The stability of stratified layers within ventilated enclosures
Author
Pikos, Konstantinos
Attention
2299/14351
Abstract
The project consists of experimental and numerical investigation of buoyancy-dominated
flow leading to thermal stratification in ventilated spaces for the range of
Re from 4,000 to 50,000 and Rio below 40.
In the evolution of turbulence in stratified shear flows, solving for the primitive
variables both in time and space is most important. Steady-state Reynolds Averaged
Navier Stokes (RANS) simulations have shown in the past to model adequately the flows
that become eventually steady-state. Therefore, three-dimensional steady-state CFD
models were used to simulate the flow.
The experimental set-up used an Environmental Test Chamber to investigate the
stratification in buildings.
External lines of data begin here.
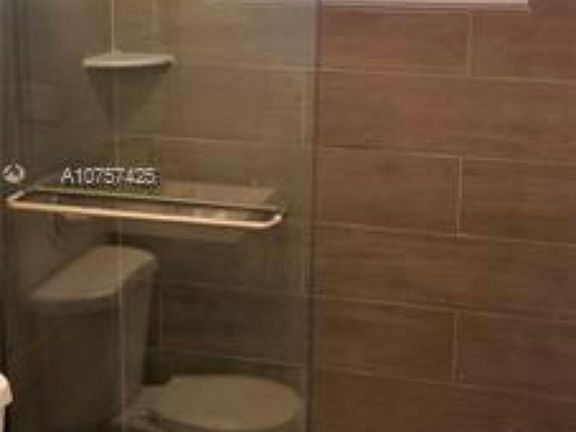 4th image of 1054 W 30th St #1054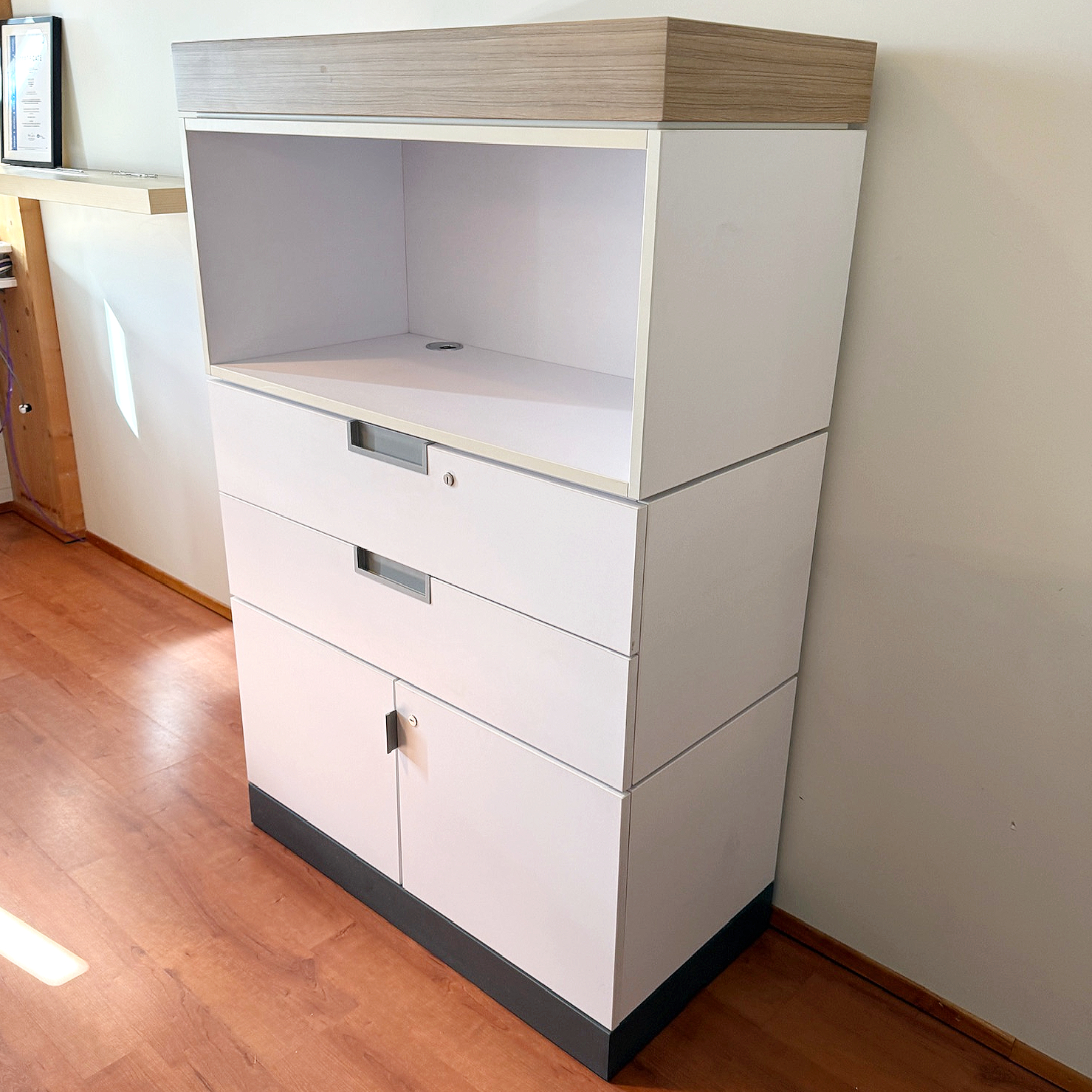 Techo Royal Ahrend skápur, H140xB90sm.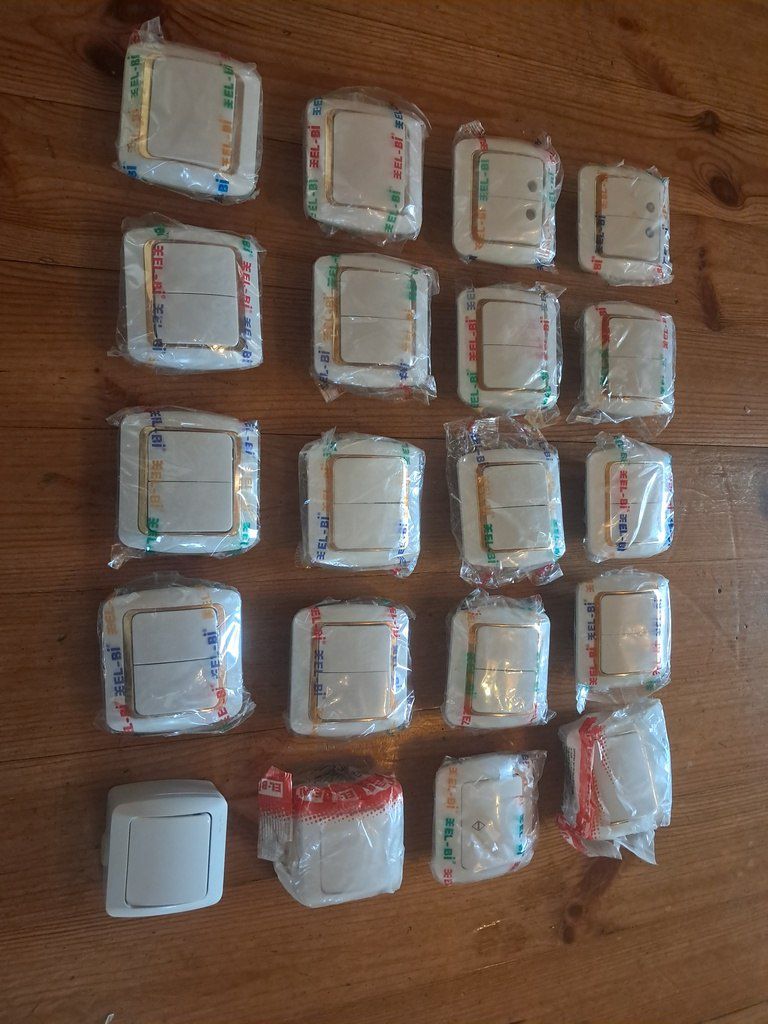 Elektrik yuvası — Təmir və inşaat, Bakı (2)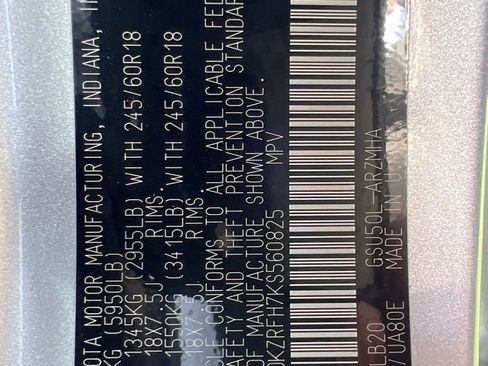 Used 2019 Toyota Highlander XLE image 26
Temperature differential was created by introducing cold air
through a terminal at floor level and hot air through a diffuser pointing vertically
downwards at the ceiling level. An extract point was located opposite to the inlets at the
rear wall. Different combinations of inlet velocities/flow rates, temperatures as well as
different arrangements of the exhaust height were studied to evaluate its effect on
velocity and temperature distribution and the effect of jet flow interaction with the
stratified layers. The experimental data obtained in this work were also used to validate
the predictions from the numerical simulations so that CFD was used to perform more
parametric simulations.
To model turbulence in the flow field, the appropriateness of several eddy-viscosity
based turbulence models was evaluated. The turbulence models used were the standard
k-c model, the k-e Chen-Kim modified model, a Low- Re modification and the RNG k
-c model. All models are in close agreement with each other. The buoyancy extended
standard k-e model gives a sharper prediction of mixing in the interface. The physics
of the flow are well predicted. The hot jet from the ceiling is buoyed up when it reaches
the height of the interface where buoyancy forces dominate gravitational forces
marking its appearance on the temperature gradient.
From the simulations made at this stage, the characteristics of stratified layers are
revealed. It is also shown that the interface height is proportional to the exhaust height
for certain room temperatures and velocities. In a comparison between experimental
results and numerical simulation, the differences are attributed on the non-adiabatic
effects such as heat losses and radiation.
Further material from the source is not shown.